Father Cade backs up immediately, but I would swear on everything that his lips just brushed against the top of my head before he did.
“Au revoir, Miss Paquette.”
And then he’s gone, his long strides heading away from me and out of the building entirely.
My heart flutters, completely out of my control, and I fucking hate the way it feels.
I flip around and try like hell to clear my expression. “Principal Lee, I was just coming to see you.”
Her eyes flick past me to where Father Cade just was and then back again. “You should have called before coming in.”
Her coldness doesn’t detract from the light in my heart at Quinten being included, so I brush off the biting words and force a sympathetic look. “I’m sorry. I figured I’d drop by on my way to pick up Quin. It’s just a couple of permission slips, right?”
“That’s right.”
“Thanks for including Quin,” I say. “I can’t explain how much it means to— ”
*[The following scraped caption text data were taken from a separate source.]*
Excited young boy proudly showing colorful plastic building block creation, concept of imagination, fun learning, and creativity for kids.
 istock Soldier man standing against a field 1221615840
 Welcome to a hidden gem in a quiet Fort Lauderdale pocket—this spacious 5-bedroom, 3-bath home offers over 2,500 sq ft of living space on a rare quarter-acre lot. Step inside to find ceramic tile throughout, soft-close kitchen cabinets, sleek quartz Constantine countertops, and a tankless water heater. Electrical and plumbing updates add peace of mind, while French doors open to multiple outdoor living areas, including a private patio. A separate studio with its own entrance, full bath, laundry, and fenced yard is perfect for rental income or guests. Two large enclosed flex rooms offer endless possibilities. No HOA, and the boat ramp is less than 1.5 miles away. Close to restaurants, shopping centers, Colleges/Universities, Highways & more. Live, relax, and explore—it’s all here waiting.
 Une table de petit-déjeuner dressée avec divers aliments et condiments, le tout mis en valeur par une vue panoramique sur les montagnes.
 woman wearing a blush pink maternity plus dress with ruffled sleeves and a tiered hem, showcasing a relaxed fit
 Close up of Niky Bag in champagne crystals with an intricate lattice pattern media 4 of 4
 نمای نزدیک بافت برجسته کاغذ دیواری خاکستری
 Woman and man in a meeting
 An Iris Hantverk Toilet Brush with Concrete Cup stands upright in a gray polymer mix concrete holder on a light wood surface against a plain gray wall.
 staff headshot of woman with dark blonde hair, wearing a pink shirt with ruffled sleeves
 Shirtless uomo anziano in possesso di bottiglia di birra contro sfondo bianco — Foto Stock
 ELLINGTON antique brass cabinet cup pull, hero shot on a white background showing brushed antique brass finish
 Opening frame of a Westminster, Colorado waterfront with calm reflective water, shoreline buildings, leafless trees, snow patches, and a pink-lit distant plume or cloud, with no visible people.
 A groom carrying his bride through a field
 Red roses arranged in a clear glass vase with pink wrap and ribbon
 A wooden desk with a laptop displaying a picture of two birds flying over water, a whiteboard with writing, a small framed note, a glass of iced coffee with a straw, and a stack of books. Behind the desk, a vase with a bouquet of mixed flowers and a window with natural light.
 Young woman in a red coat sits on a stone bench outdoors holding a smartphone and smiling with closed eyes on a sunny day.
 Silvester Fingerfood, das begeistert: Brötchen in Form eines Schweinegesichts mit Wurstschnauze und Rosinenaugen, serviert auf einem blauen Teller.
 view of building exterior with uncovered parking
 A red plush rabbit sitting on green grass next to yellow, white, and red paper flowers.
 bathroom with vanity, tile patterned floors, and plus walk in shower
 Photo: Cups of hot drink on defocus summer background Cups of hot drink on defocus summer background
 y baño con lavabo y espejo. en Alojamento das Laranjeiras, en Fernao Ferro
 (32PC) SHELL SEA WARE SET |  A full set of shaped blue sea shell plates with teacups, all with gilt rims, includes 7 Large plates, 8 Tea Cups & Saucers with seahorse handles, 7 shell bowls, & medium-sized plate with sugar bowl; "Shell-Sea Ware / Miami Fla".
“Every student can participate, Miss Paquette,” she cuts me off. “Normally the slips get sent home, but, well…I wasn’t sure they’d ever make it to you.”
Her subtle jab hits me right beneath the ribs as I follow her into the main office. It smells like reheated lasagna and stuffy air, and I crinkle my nose as we make our way to the front desk.
“Carla, make sure Miss Paquette signs the permission forms for Quinten to take part in the children’s play during the festival,” Principal Lee directs the school secretary.
I smile at Carla before giving my attention back to Principal Lee, who’s staring at me with her hip leaned against the desk and her arms crossed over her chest.
“I didn’t know you were still a practicing Catholic,” she says.
“I’m sorry?” It’s hardly her business what religion I am.
“Father Cade.” She nods toward the open door.
“Oh.” I tilt my head. “I didn’t realize you needed to be Catholic to talk to him. What was he doing here anyway?”
It’s not really my concern, but I ask anyway, the curiosity overwhelming my need to be polite.
“Father Cade’s been here all afternoon helping us get ready for the festival.” Her lips thin. “I figured you knew that already.”
“Why would I know that?”
Her attitude is tiring, and honestly, I don’t have the energy to keep entertaining her snide remarks and less than subtle innuendos about…whatever it is she’s trying to insinuate.
She blinks at me in confusion before tapping the papers Carla just placed on the desk and sliding them toward me.
“Because he’s the one who suggested Quinten be in the play.”